FDA's flawed call on Aveo's Tivozanib

By Chris Rees

When the FDA got together with the Oncologic Drugs Advisory Committee (ODAC) in early May to discuss whether to approve Aveo Pharmaceutical’s (AVEO) Tivozanib for the treatment of renal cell carcinoma (RCC), it would be fair to say the FDA reception was not what AVEO was expecting.

After all, they were so sure of approval they had interviewed and hired sales staff and planned launch details, even down to deciding upon the kind of cars their sales reps would be driving. Instead, the FDA was merciless, ripping apart Aveo, Tivozanib, the phase 3 trial design and data, and just about everything and everyone involved in trying to bring this drug to market. People who witnessed the meeting described it as ‘brutal’ and ‘scathing.’ After a morning of spirit-wilting torture, and just a few minutes before the scheduled lunch break, the ODAC committee was asked to vote on a carefully worded question:

“Has the Applicant demonstrated a favorable benefit-to-risk evaluation for the treatment of renal cell carcinoma in an adequate and well-controlled trial?” The panel voted 13-1 that the answer to this question was no.

The show was over. The good guys had won; the guardians of our public health had done their job. Those suffering with terminal RCC would be protected from the potential dangers and ineffectiveness of Tivozanib. Maybe the FDA will give Tivozanib another chance if Aveo does a new trial and manages to come up with a better and more acceptable set of benefit-to-risk data. A new trial would likely take at least three years. In this scenario, Tivozanib would not be available until 2017. Between now and then, approximately 56,000 people will die from RCC in the U.S. alone.

To better understand what went wrong, we need to examine the two main components of FDA approval. These are progression-free survival (PFS) and overall survival (OS). For many years, the FDA has insisted PFS is the primary endpoint as it is considered to be more reliable and measurable, while OS is often harder to measure and often confounded by issues of crossover and the use of sequential therapy. For now, let’s take the FDA at their word and explore PFS.

Progression- free survival (PFS) is the length of time a disease does not get worse (progress) while someone is taking, and after they have taken a drug.
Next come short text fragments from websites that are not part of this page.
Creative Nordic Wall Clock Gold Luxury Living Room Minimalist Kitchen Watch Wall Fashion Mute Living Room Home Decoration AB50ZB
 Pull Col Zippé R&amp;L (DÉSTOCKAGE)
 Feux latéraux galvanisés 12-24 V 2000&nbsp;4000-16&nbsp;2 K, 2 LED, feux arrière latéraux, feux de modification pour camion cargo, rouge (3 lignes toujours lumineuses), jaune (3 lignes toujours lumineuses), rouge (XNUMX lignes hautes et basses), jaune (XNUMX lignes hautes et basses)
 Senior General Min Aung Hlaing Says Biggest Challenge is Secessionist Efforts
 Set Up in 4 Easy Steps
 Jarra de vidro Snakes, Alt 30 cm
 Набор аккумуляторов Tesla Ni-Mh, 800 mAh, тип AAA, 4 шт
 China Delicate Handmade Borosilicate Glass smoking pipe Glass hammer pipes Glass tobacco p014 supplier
Let’s take a look at the following PFS chart.

Source: Tenstocks.com, FDA/ODAC briefing document table 2.

All the drugs in the above chart were approved by the FDA based on the PFS shown. Tivozanib has not been approved. If the primary endpoint for approval was PFS, and the Tivo-1 phase 3 trial was designed to measure PFS, why won’t the FDA approve Tivozanib when they approved all the others? After all, by using the FDA’s own data, Tivozanib appears to be best in its class.

The use of RCC drugs in the first-line setting can offer cleaner data because the patients are treatment naïve. If Tivozanib is indeed the best in class, its supremacy should show up here too. The current accepted standard of care in RCC is Sunitinib—marketed by Pfizer (PFE) as Sutent—and Pazopanib —marketed by GlaxoSmithKline (GSK) as Votrient. They are considered the best available drugs for RCC. A look at treatment-naive data from various previous trials shows the same pattern of Tivozanib outperformance.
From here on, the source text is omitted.